On the road …again!
Afghanistan to Zambia
Chronicles of a Footloose Forester
By Dick Pellek
Where Chickadees and Squirrels Compete
People who read some of the other chronicles of the Footloose Forester probably wonder if everything that is written is really true. Yes, all the stories are true, although it sometimes takes a bit of poetic license to set the stage for the main points. Chronology of events is seldom mentioned because most times the chronology of what transpires does not change the observations. At other times, the chronology of events is the main point. Like now, when the Footloose Forester is struggling to describe how birds, squirrels and deer all compete for the daily rations of birdseed that we load into the bird feeding stations in our back yard.
The six birdfeeders that we currently load with mixtures of seed corn, field grains and thistle were intended to attract songbirds to the rear of our property. We knew that the deer and the squirrels would come, as well; and we see them all on a daily basis.

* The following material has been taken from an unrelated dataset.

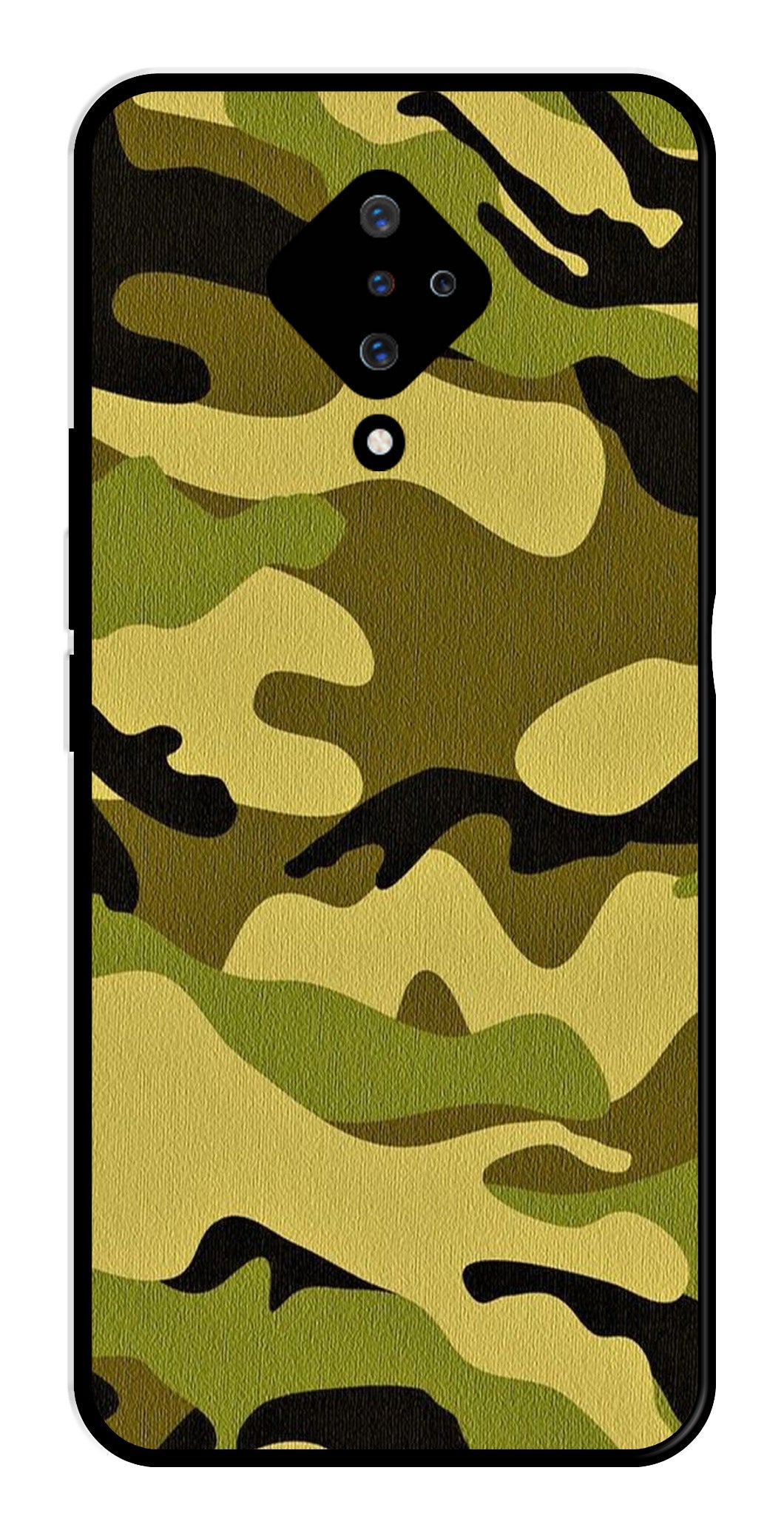 Army Pattern Metal Mobile Case for Vivo S1 Pro   (Design No -35)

We often sit in our enclosed rear porch that has windows on three sides and watch for the arrival of various furry and feathered visitors. As the seasons come and go, the bird life is the most varied. Each season has some species that are unique to the circumstances, particularly the temperature; thus as spring bursts forth we see more and more of those birds that seek out flying insects and crawling bugs. Of course, they also will and do eat our birdseed if it is available, which is most of the time. The other creatures also eat what is available, so there is usually a scene of competition, of pre-emptive feeding, or of genuine sharing of what is available. The tableau does require some interpretation of the body language of those who do not speak in words. They speak to us in snorts, chatter, coos, screeching, and warbling. Making the interpretations is part of the fun. An action video embedded at this point would help.
The competition, the pre-emption, and the sharing take place every day
Making our case by using their active images on video film would seem to be the end-all of the evidence that it takes to tell the story of a typical day at the birdfeeders; except for the fact that no day is typical. Although we know that there are seven deer that are part of one family in the area, not all of them appear together each day, so we begin to count them when they show up. The same is true of the squirrels; we have seen five of them at one time, but seldom do more than one or two pay a visit together. One good video of two squirrels and several birds competing for seed is in our archives and is the best evidence, so far, that we have plenty of activity during daylight hours. We will be looking for a media compatible video source program that can be inserted into the story. So far, we have not found one that is compatible at this site. When that problem is rectified, we hope to publish a series of videos showing the furry and feathered friends that hang out just outside our rear windows.